> **ASSIGNMENT**
Would you write out every record that follows exactly, with the pictures left out?

> **EXERCISE INPUTS**
####################
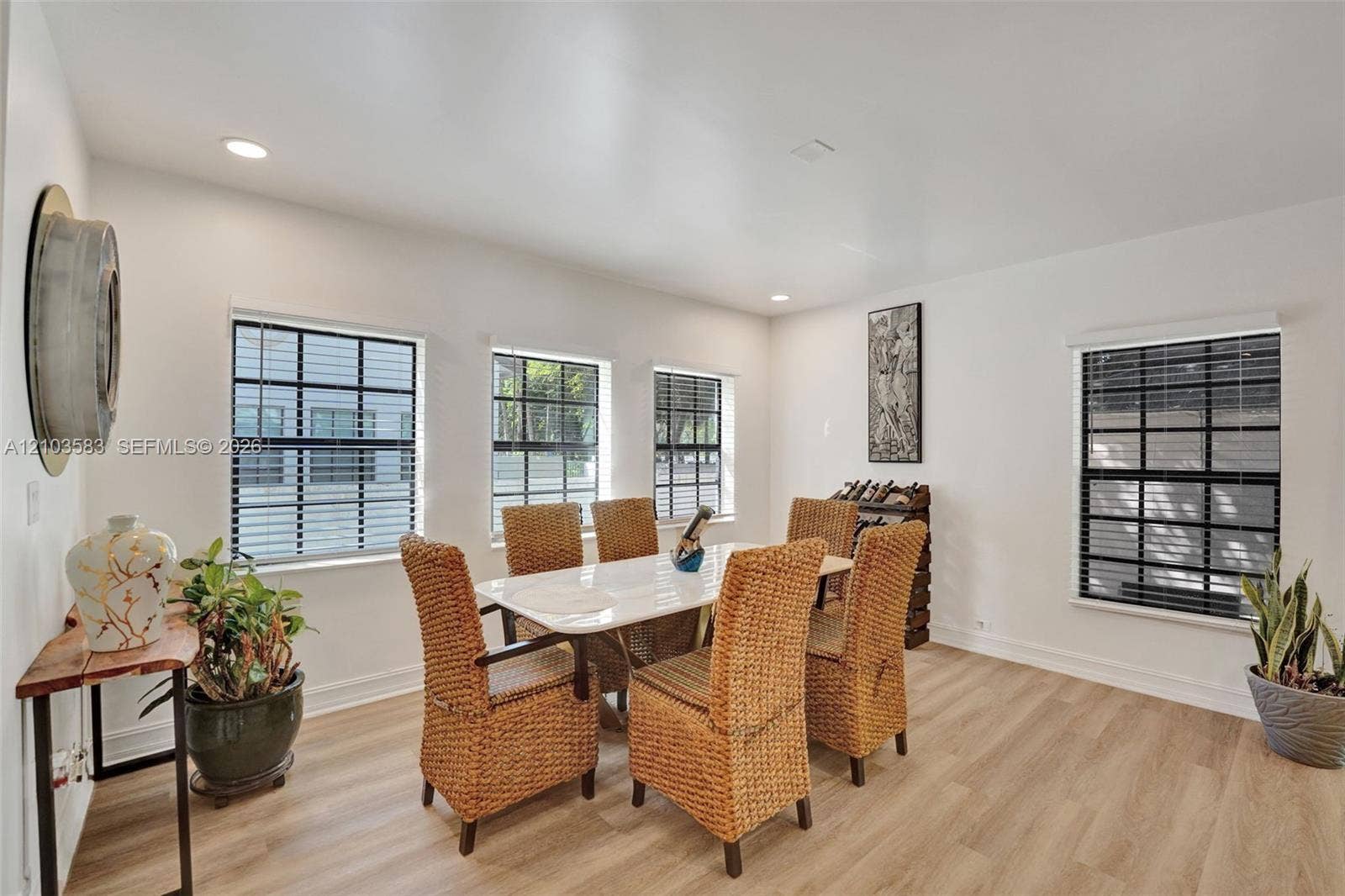 Dining area featuring wood-finish flooring, recessed lighting, and multiple windows with black muntin detailing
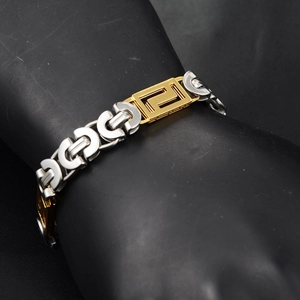 Hiphop Armband in Silber und Gold mit Mäander-Muster auf schwarzem Armmodell gezeigt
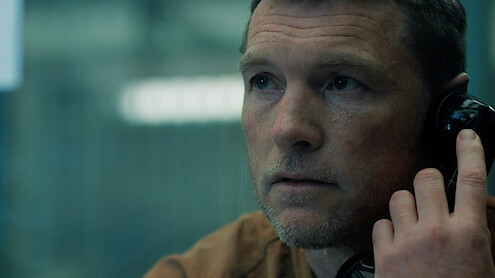 Man with short hair and stubble sits indoors, holding a black phone receiver to his ear, looking serious. The background is blurred, suggesting he is in a visitation booth or interrogation room, likely in a prison or secure facility.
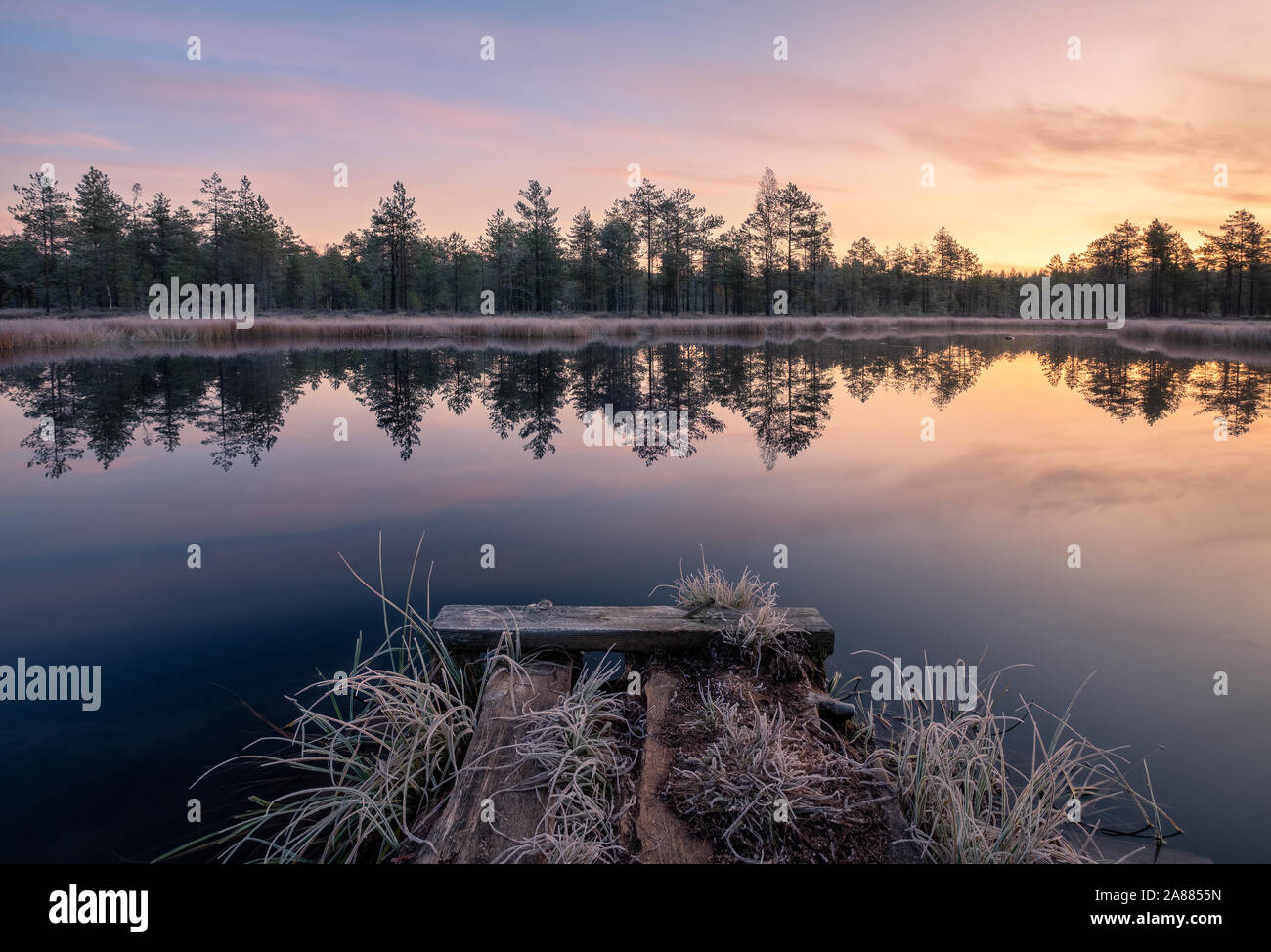 Calma e fredda mattina autunnale paesaggio con sunrise, frosty pier e tranquillo lago in Finlandia Foto Stock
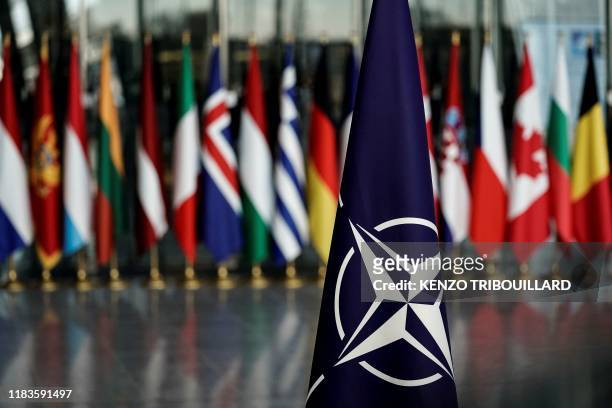 Picture taken on November 20, 2019 shows a NATO flag at the NATO headquarters in Brussels, during a NATO Foreign Affairs ministers' summit. - NATO...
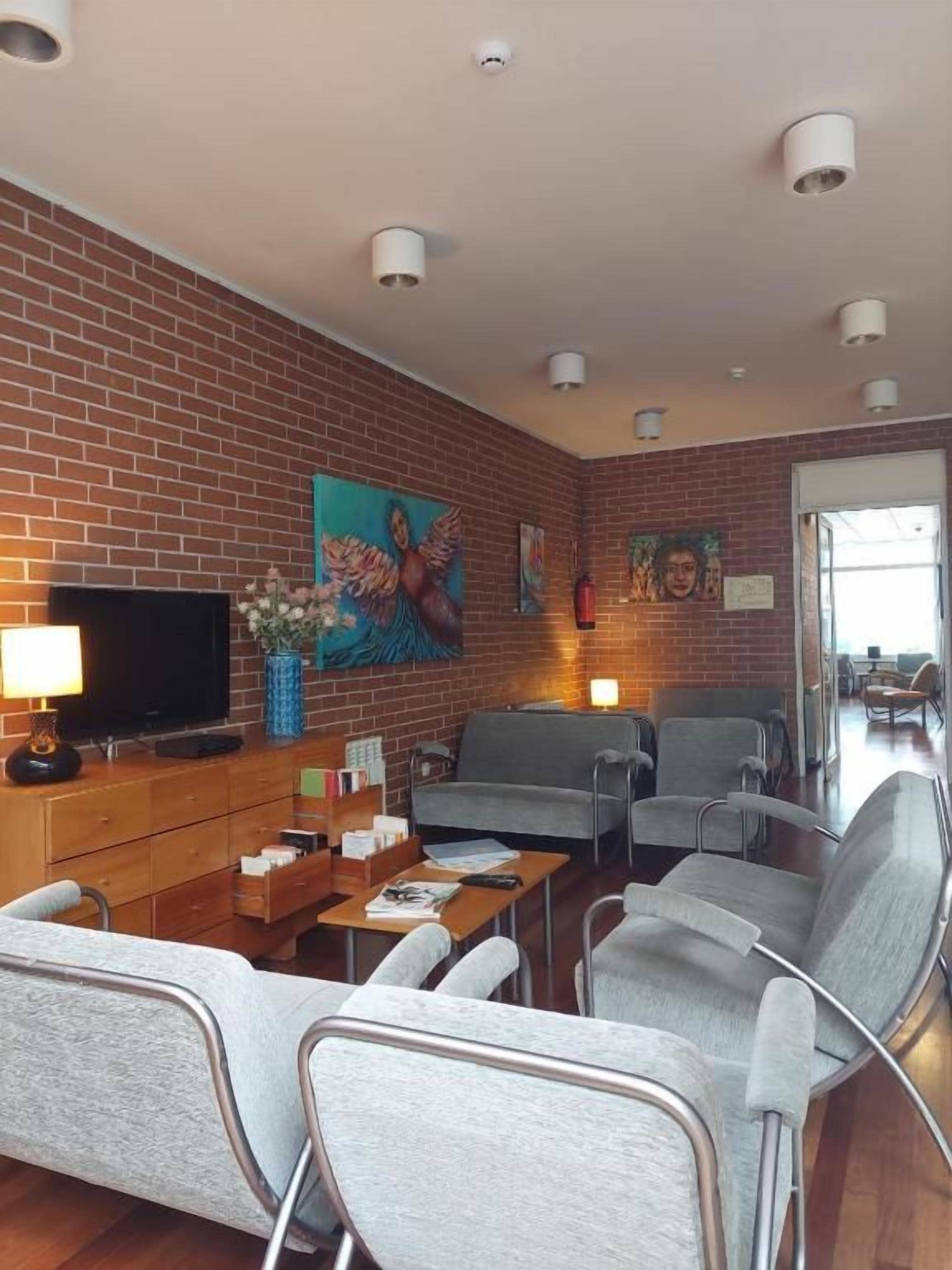 A modern living room with a brick wall, a flat-screen TV, a sofa, a coffee table, and a fireplace.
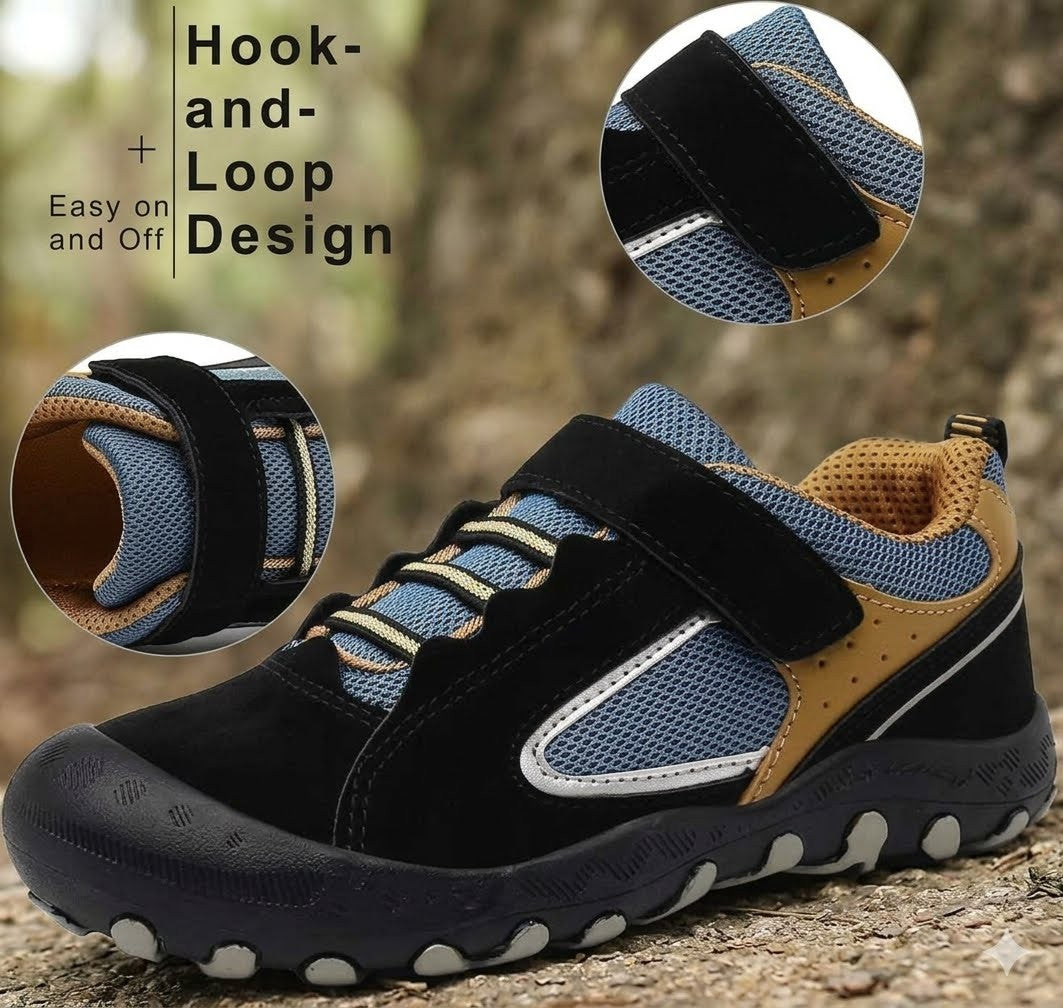 A children's outdoor shoe shown on a forest path with two circular inset close-ups highlighting the hook-and-loop strap design. The shoe has a black suede and mesh upper with blue panels, tan accents, white trim, and a dark sole with white circular details.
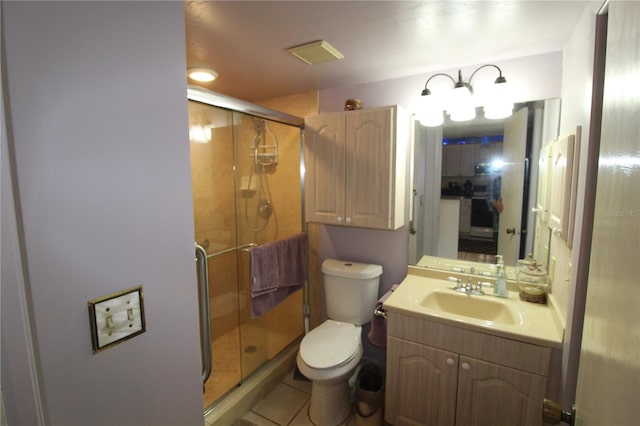 bathroom with vanity, walk in shower, tile patterned flooring, and toilet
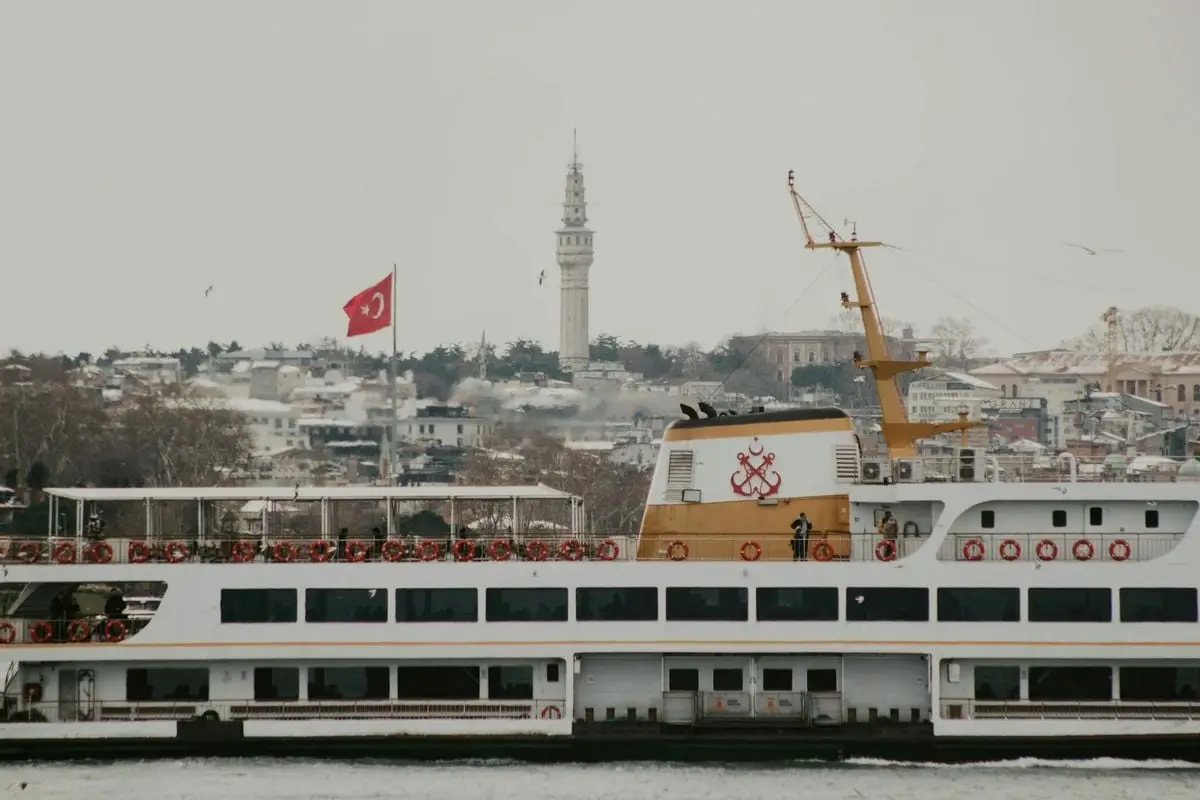 Ferry sailing in Istanbul with historic tower and Turkish flag in winter scenery.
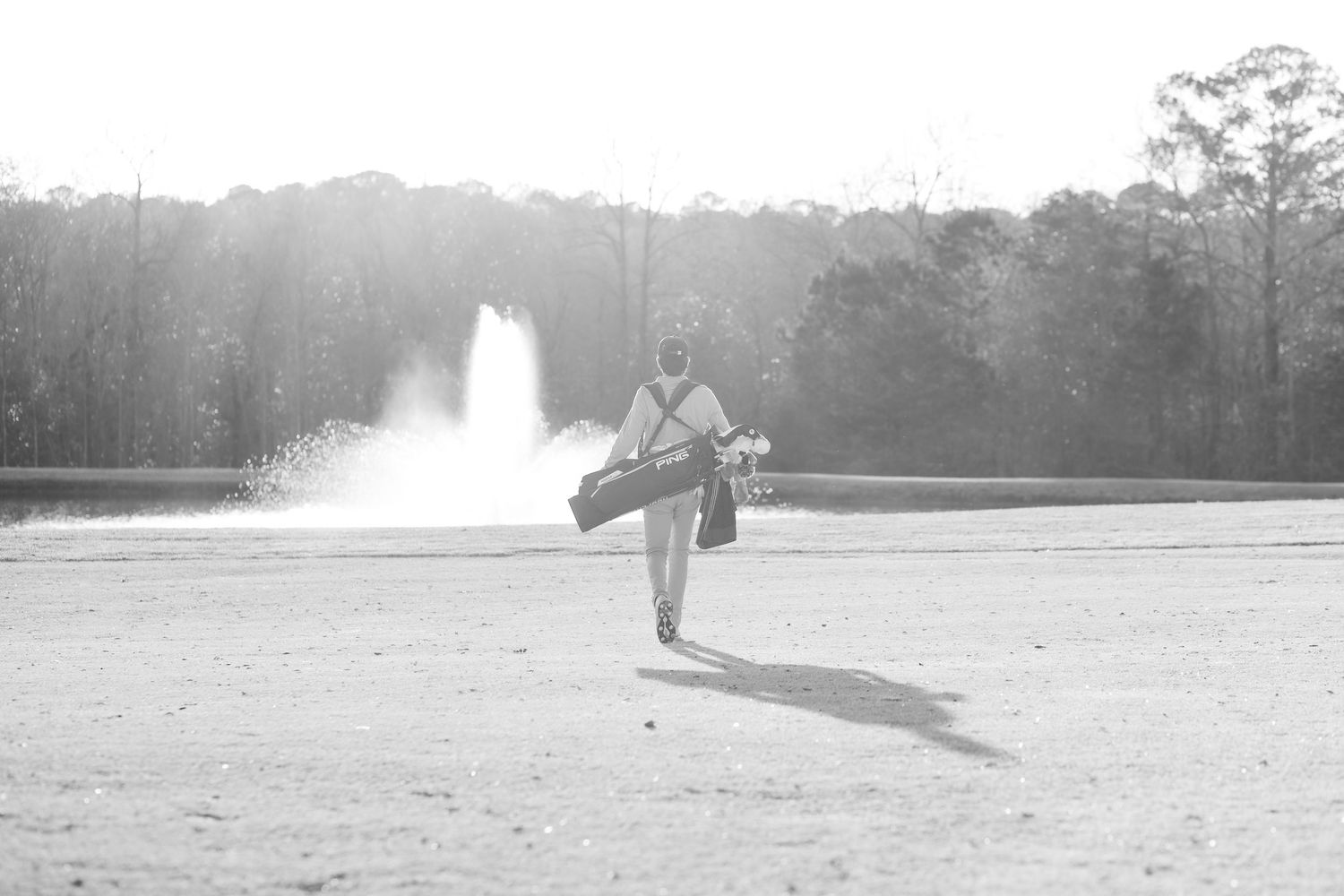 Senior playing golf on a golf course in Enterprise, Alabama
####################
> **EXERCISE ANSWER**
 Dining area featuring wood-finish flooring, recessed lighting, and multiple windows with black muntin detailing
 Hiphop Armband in Silber und Gold mit Mäander-Muster auf schwarzem Armmodell gezeigt
 Man with short hair and stubble sits indoors, holding a black phone receiver to his ear, looking serious. The background is blurred, suggesting he is in a visitation booth or interrogation room, likely in a prison or secure facility.
 Calma e fredda mattina autunnale paesaggio con sunrise, frosty pier e tranquillo lago in Finlandia Foto Stock
 Picture taken on November 20, 2019 shows a NATO flag at the NATO headquarters in Brussels, during a NATO Foreign Affairs ministers' summit. - NATO...
 A modern living room with a brick wall, a flat-screen TV, a sofa, a coffee table, and a fireplace.
 A children's outdoor shoe shown on a forest path with two circular inset close-ups highlighting the hook-and-loop strap design. The shoe has a black suede and mesh upper with blue panels, tan accents, white trim, and a dark sole with white circular details.
 bathroom with vanity, walk in shower, tile patterned flooring, and toilet
 Ferry sailing in Istanbul with historic tower and Turkish flag in winter scenery.
 Senior playing golf on a golf course in Enterprise, Alabama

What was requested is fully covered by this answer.